====== Information shown

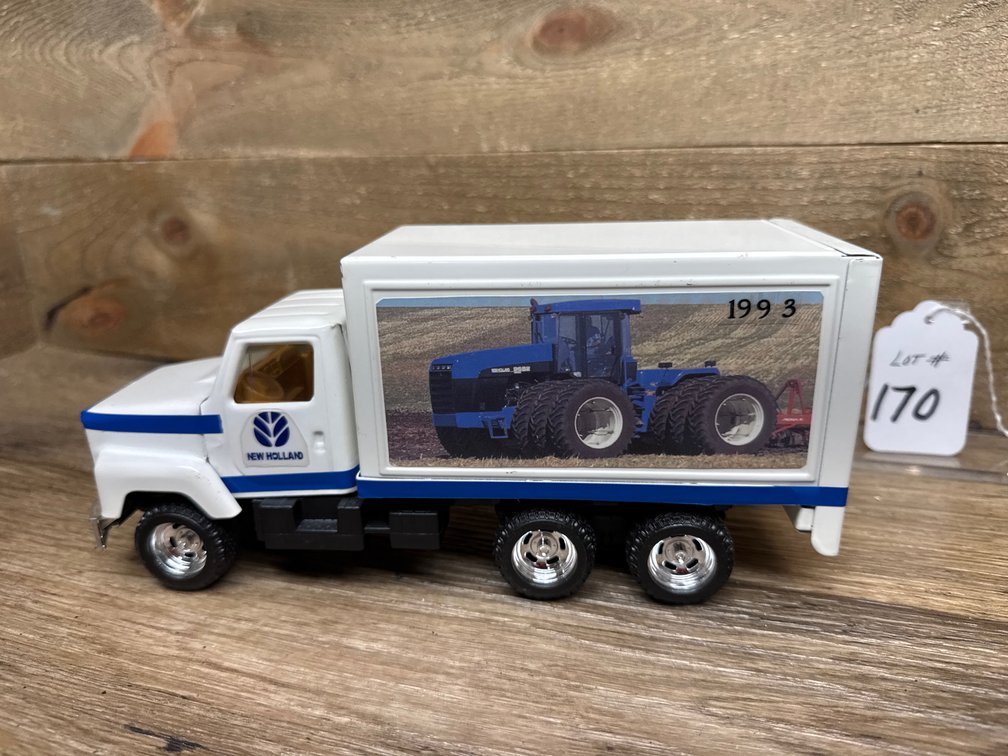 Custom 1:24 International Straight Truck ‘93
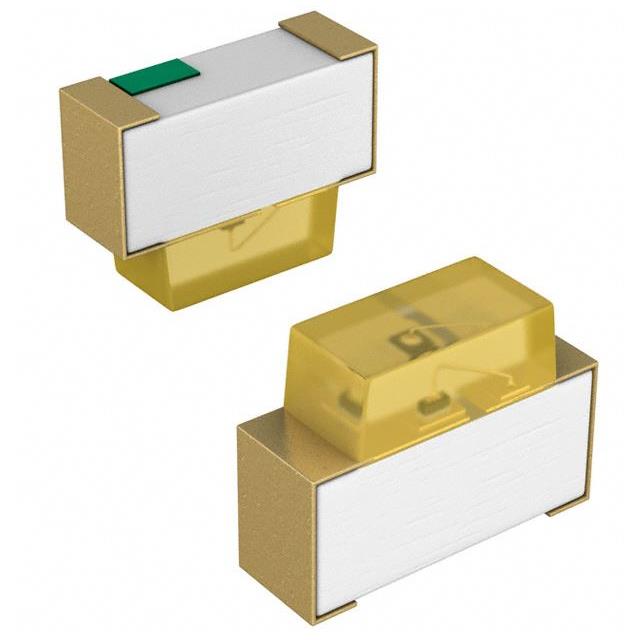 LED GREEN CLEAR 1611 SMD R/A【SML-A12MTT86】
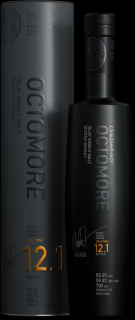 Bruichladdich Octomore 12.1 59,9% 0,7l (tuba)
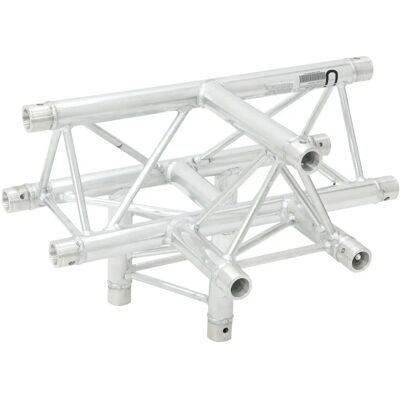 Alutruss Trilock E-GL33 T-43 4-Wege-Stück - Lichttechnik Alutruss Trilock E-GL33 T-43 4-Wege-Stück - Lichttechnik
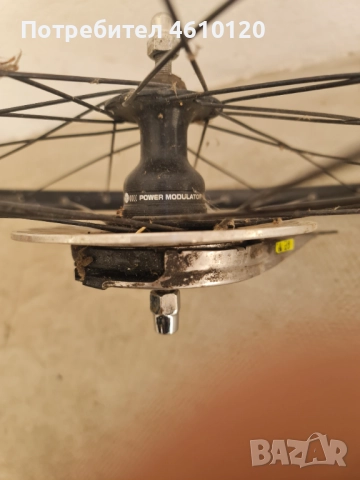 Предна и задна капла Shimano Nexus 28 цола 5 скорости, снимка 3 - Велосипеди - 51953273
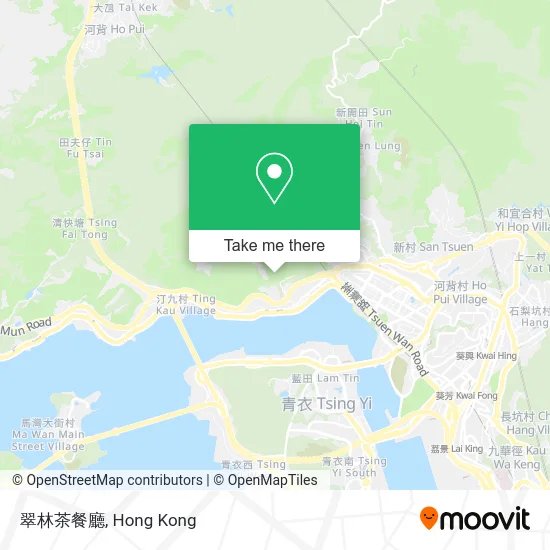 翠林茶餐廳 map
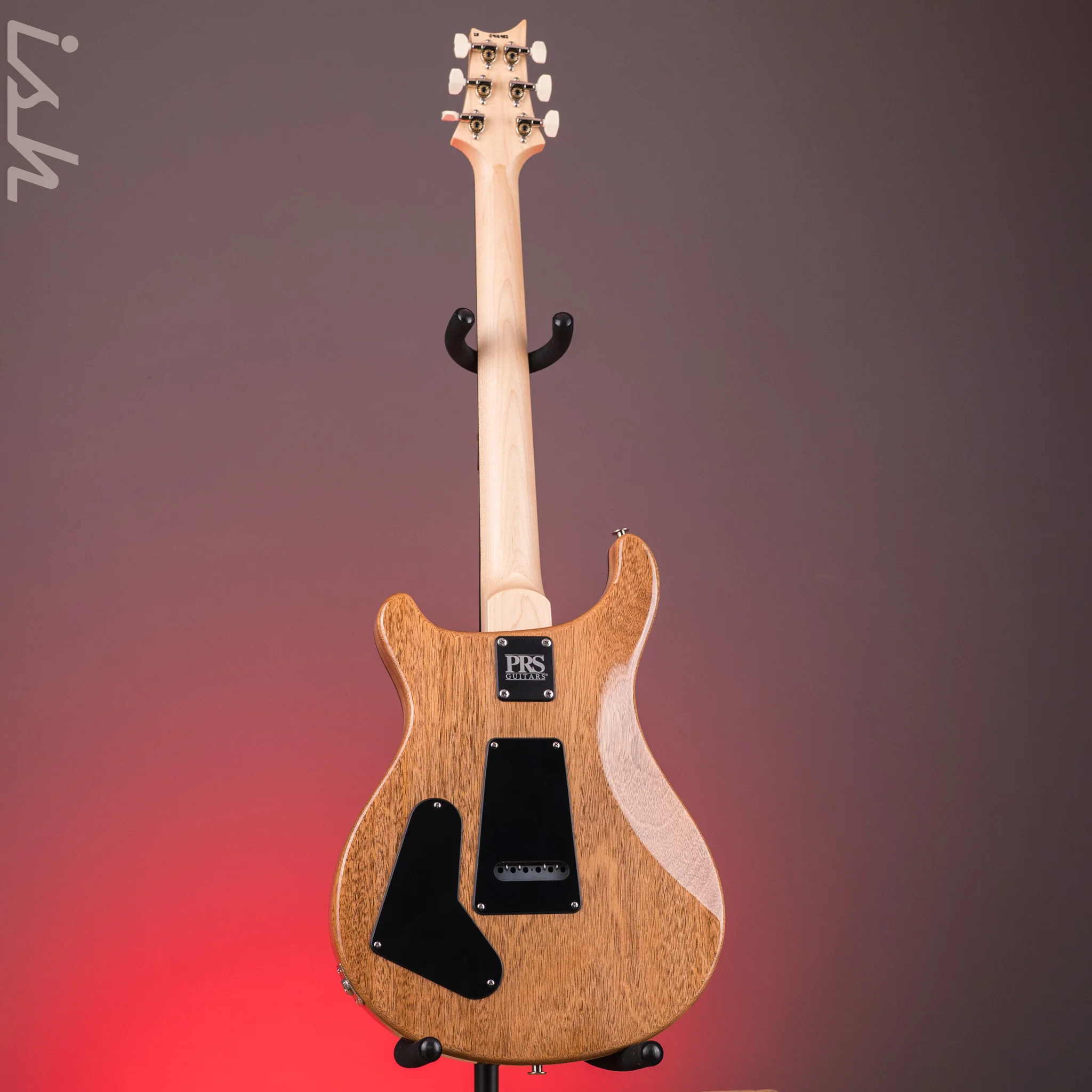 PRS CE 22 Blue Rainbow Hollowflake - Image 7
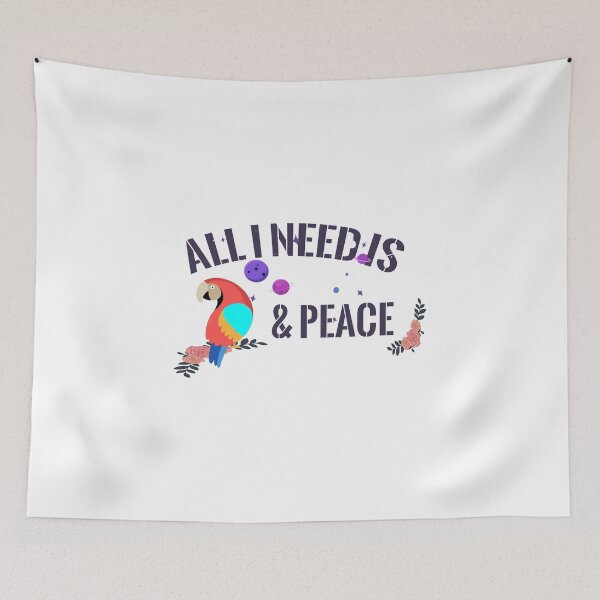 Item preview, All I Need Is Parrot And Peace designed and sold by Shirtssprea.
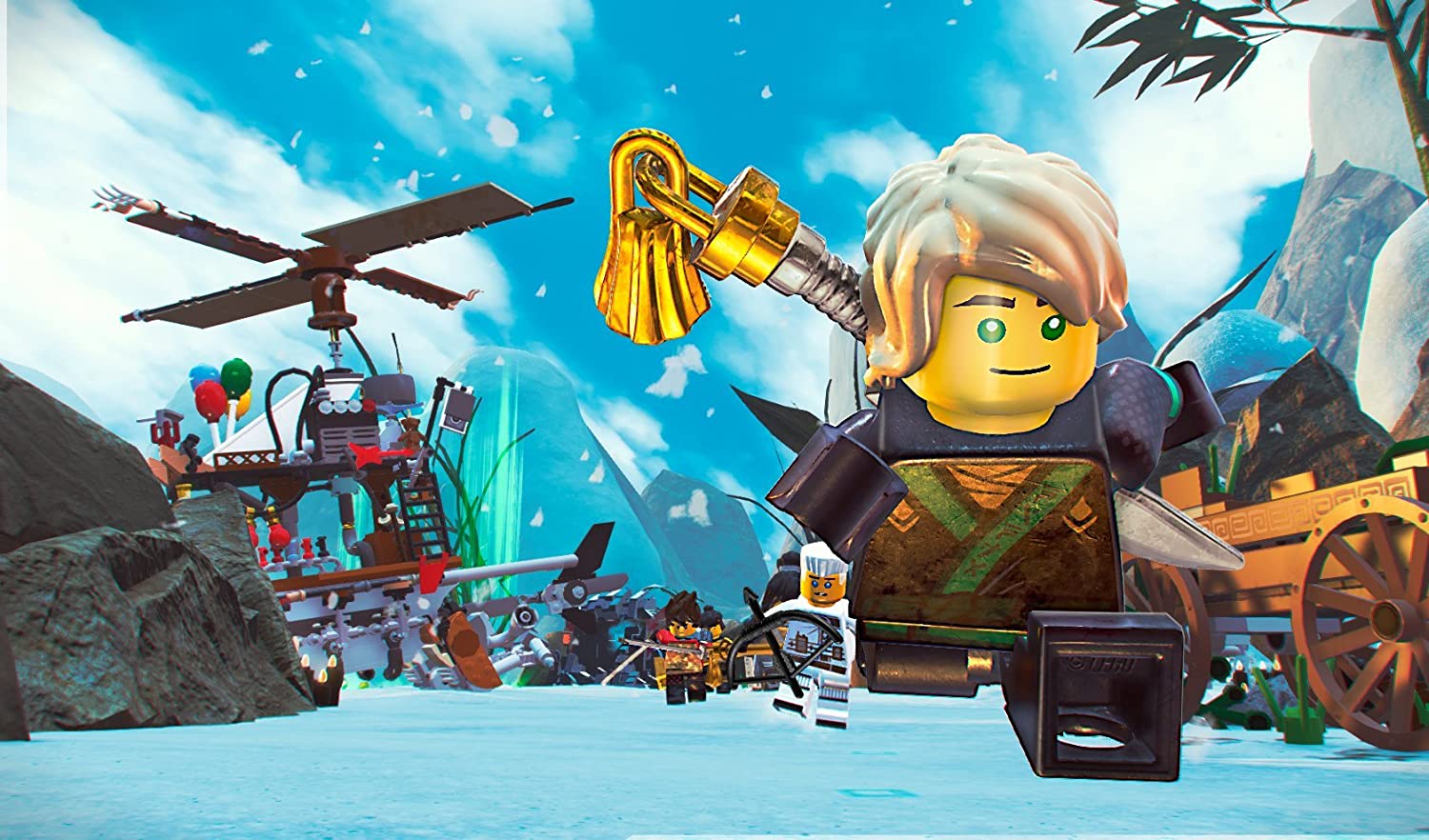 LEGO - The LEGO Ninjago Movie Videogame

============
====== Information shown

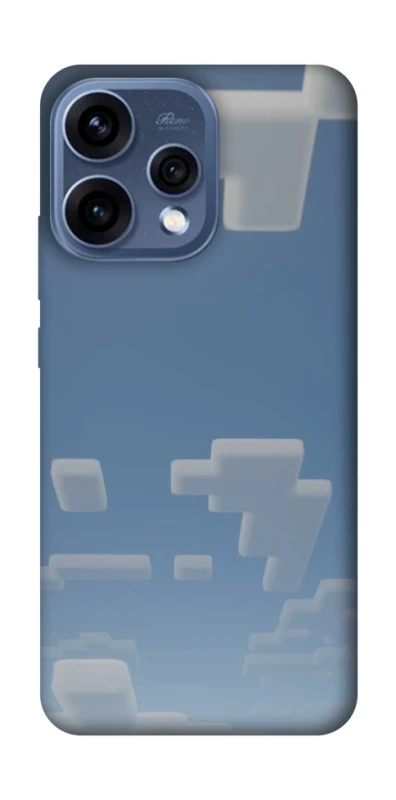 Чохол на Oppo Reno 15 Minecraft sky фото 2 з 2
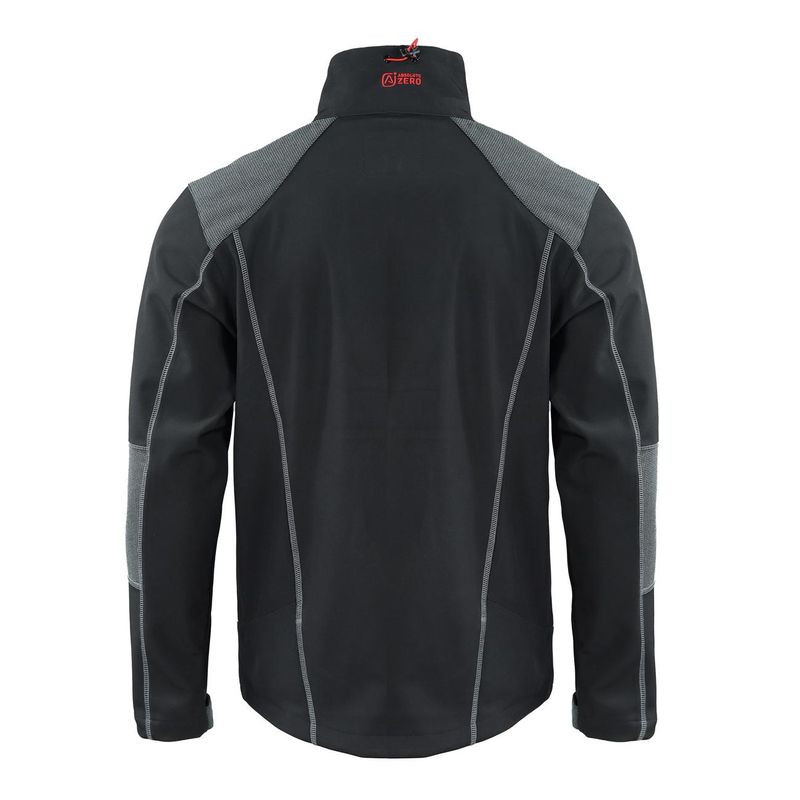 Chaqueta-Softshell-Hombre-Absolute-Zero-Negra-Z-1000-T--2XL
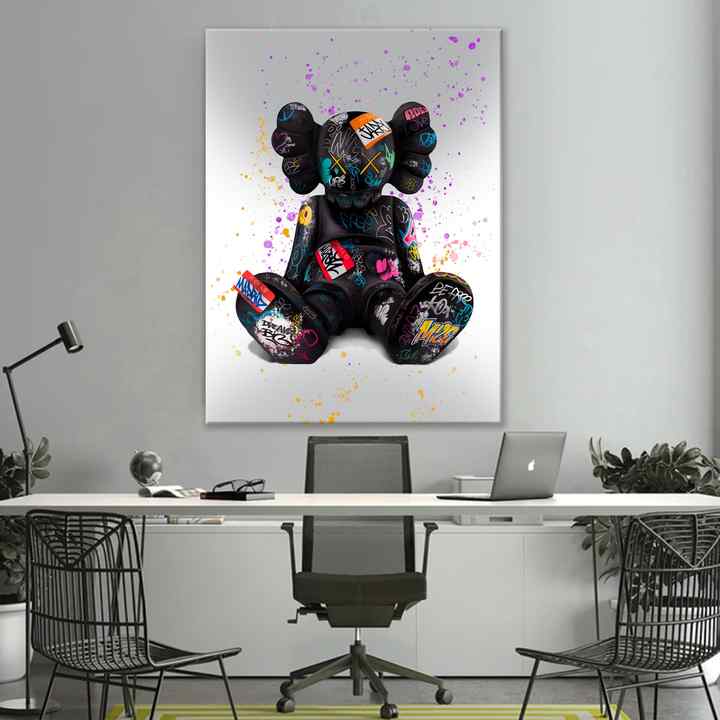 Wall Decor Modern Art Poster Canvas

============

> _Task item_
I would like the exact lines from the data above, starting with the one that holds "Custom 1:24 International Straight Truck ‘93" and going on through the one that holds "LEGO - The LEGO Ninjago Movie Videogame", without the pictures.

> _Answer to this problem_
 Custom 1:24 International Straight Truck ‘93
 LED GREEN CLEAR 1611 SMD R/A【SML-A12MTT86】
 Bruichladdich Octomore 12.1 59,9% 0,7l (tuba)
 Alutruss Trilock E-GL33 T-43 4-Wege-Stück - Lichttechnik Alutruss Trilock E-GL33 T-43 4-Wege-Stück - Lichttechnik
 Предна и задна капла Shimano Nexus 28 цола 5 скорости, снимка 3 - Велосипеди - 51953273
 翠林茶餐廳 map
 PRS CE 22 Blue Rainbow Hollowflake - Image 7
 Item preview, All I Need Is Parrot And Peace designed and sold by Shirtssprea.
 LEGO - The LEGO Ninjago Movie Videogame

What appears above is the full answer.